Repeat only the lines below that run from the line with "Man smiling bed" to the line with "Obraz premium now", ends included; skip every picture.
————
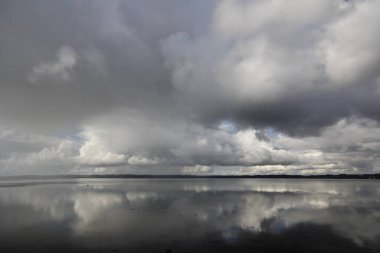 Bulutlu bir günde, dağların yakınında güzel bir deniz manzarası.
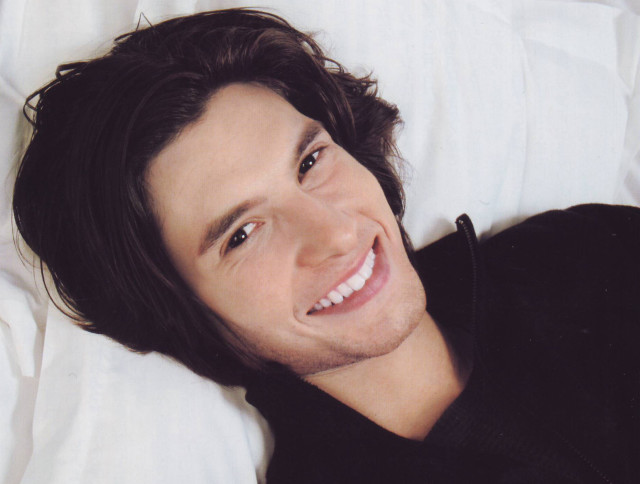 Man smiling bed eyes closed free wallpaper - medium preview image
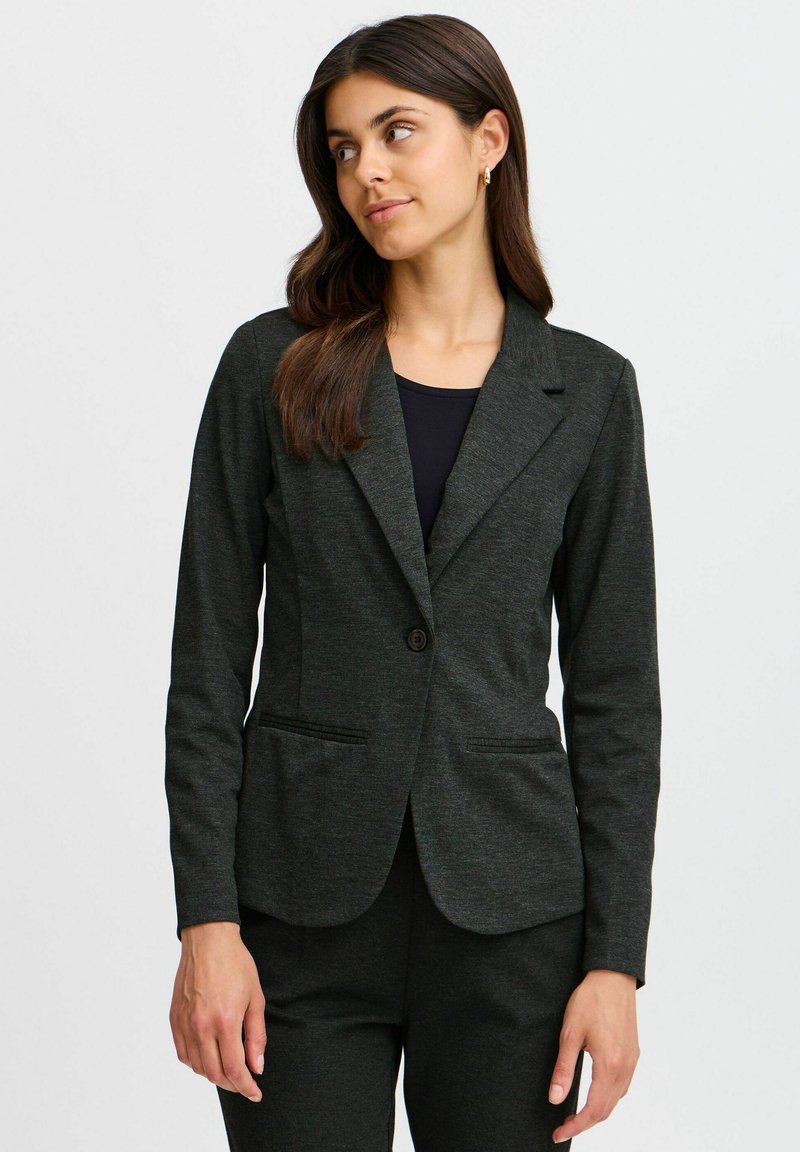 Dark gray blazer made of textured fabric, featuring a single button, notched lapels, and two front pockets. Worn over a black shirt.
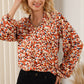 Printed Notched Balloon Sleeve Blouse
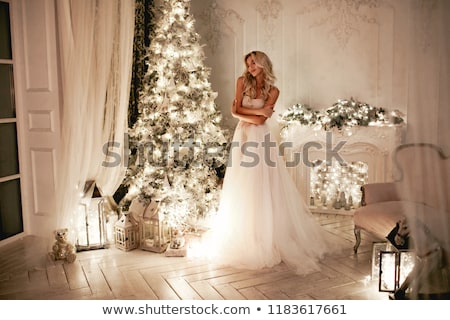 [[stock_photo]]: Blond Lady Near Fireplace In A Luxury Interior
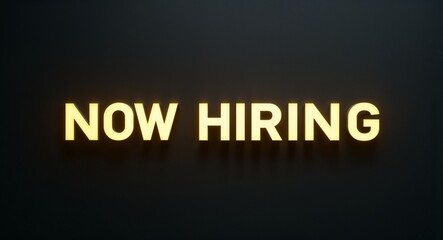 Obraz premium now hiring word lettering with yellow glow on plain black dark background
————
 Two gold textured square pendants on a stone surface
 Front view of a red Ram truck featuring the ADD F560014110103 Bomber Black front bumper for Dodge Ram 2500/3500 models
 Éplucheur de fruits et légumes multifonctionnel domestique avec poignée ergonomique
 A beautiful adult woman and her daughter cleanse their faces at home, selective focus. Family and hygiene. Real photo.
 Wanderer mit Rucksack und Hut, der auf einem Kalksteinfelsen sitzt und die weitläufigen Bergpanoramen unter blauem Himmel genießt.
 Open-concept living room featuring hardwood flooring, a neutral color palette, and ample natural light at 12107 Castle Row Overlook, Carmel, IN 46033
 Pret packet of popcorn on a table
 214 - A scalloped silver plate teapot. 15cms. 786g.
————
» **EXPECTED ANSWER**:
 Man smiling bed eyes closed free wallpaper - medium preview image
 Dark gray blazer made of textured fabric, featuring a single button, notched lapels, and two front pockets. Worn over a black shirt.
 Printed Notched Balloon Sleeve Blouse
 [[stock_photo]]: Blond Lady Near Fireplace In A Luxury Interior
 Obraz premium now hiring word lettering with yellow glow on plain black dark background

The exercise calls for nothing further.